I tried this with the same profiling, and got a mean of 61, 157 ms (across 3 runs) for the first two long dispatches (std.dev: 2, 2 respectively). So it's the same timing as the thread-pool, or possibly fractionally slower, making this only worth doing if it simplifies the implementation (but, equally, not worth avoiding if it makes something else easier).
Comment 9 Jasper St. Pierre (not reading bugmail) 2012-11-27 23:51:41 UTC
*** Bug 687849 has been marked as a duplicate of this bug. ***
Comment 10 drago01 2013-02-14 21:28:30 UTC
*** Bug 693446 has been marked as a duplicate of this bug. ***
Comment 11 drago01 2013-03-03 19:16:40 UTC
*** Bug 691789 has been marked as a duplicate of this bug. ***
Comment 12 Emmanuel Touzery 2013-03-13 07:33:13 UTC
i otherwise think this was a regression in 3.6 compared to 3.4. i never saw that in 3.4 and i see it at every single login in 3.6.
Comment 13 Emmanuel Touzery 2013-07-11 06:32:13 UTC
This problem is much less pronounced, to the point that i can say it has disappeared for me in 3.8, on the same two computers on which I had a big problem in 3.6.
Comment 14 Jean-François Fortin Tam 2014-01-03 22:13:54 UTC
Simon, are you still seeing this in 3.10?
Comment 15 Simon McVittie 2014-01-06 11:48:39 UTC
Sorry, I'm still on Debian's Shell 3.8.4-5, and not actively working on this issue.

To reproduce: hard-disk based laptop, Alt+F2, "r", wait for hard disk activity to cease, press Windows key.

On 3.8, first entry to the overview does still seem to pause frame output for ~ half a second - I don't see the animated transition from normal window positions to their overview positions, just a pause in output followed by the windows abruptly "teleporting". The second and subsequent entries to the overview are noticeably smoother, with enough frame rate for the animated transition to look good.

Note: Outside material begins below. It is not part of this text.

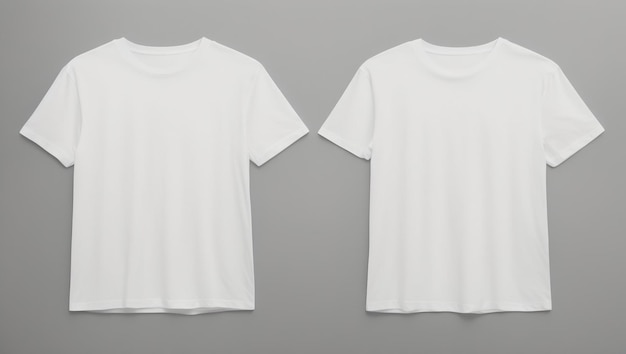 Premium Photo | White Tshirt on a white background front and back view ...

Has something specific been done to improve this between 3.8 and 3.10, or are you hoping that it has improved "accidentally"?
Comment 16 Jasper St. Pierre (not reading bugmail) 2014-01-06 16:17:10 UTC
(In reply to comment #15)
> Has something specific been done to improve this between 3.8 and 3.10, or are
> you hoping that it has improved "accidentally"?

https://bugzilla.gnome.org/show_bug.cgi?id=712727
https://bugzilla.gnome.org/show_bug.cgi?id=712753
Comment 17 Simon McVittie 2015-04-27 15:57:02 UTC
Successive Shell versions generally get better, and I am not actively working on improving this. There is probably still room for improvement (the test I described on Comment #15 still doesn't animate smoothly the first time in Debian's Shell 3.14), but this bug doesn't have a whole lot of value without someone actively working on tracking down individual causes in a more current version; resolving OBSOLETE on that basis.